Recorded information:
● ● ●

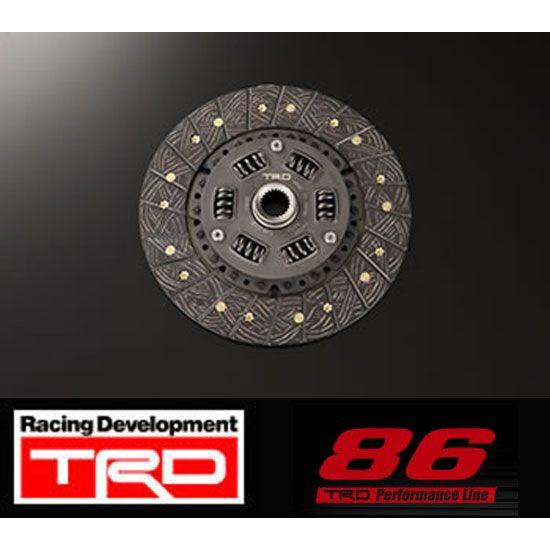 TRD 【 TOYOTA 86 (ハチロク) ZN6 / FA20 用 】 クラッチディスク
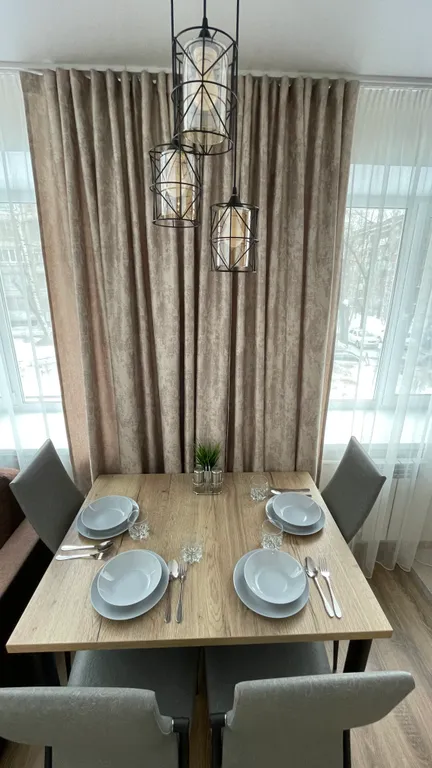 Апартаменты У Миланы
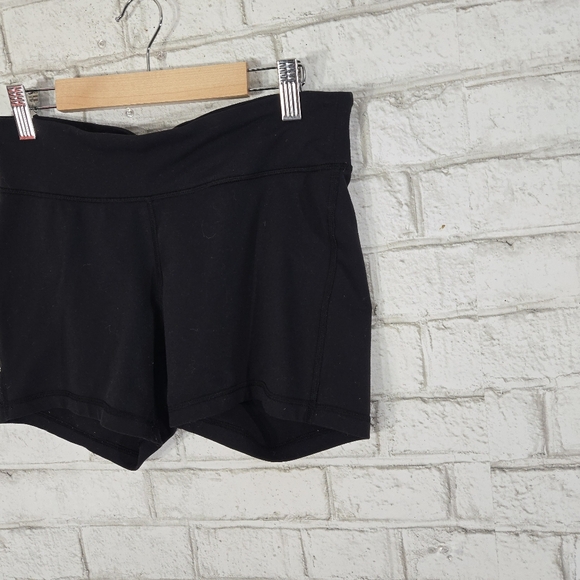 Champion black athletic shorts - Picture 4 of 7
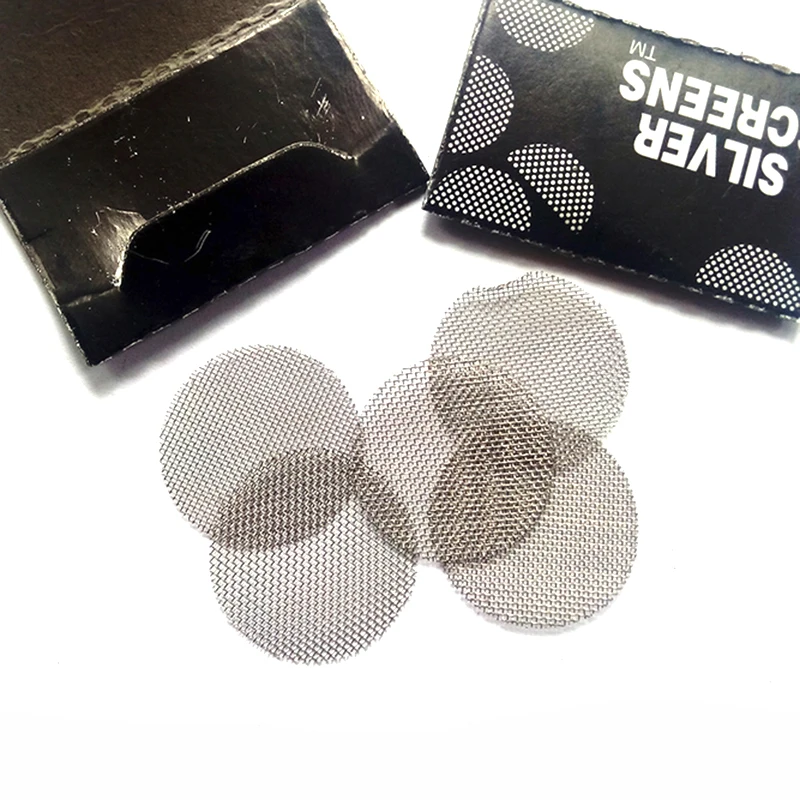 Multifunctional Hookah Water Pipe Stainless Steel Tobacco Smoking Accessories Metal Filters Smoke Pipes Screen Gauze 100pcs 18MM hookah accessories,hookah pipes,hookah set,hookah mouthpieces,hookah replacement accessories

● ● ●

Would you retype the listing above exactly, omitting its pictures?

Exercise output:
 TRD 【 TOYOTA 86 (ハチロク) ZN6 / FA20 用 】 クラッチディスク
 Апартаменты У Миланы
 Champion black athletic shorts - Picture 4 of 7
 Multifunctional Hookah Water Pipe Stainless Steel Tobacco Smoking Accessories Metal Filters Smoke Pipes Screen Gauze 100pcs 18MM hookah accessories,hookah pipes,hookah set,hookah mouthpieces,hookah replacement accessories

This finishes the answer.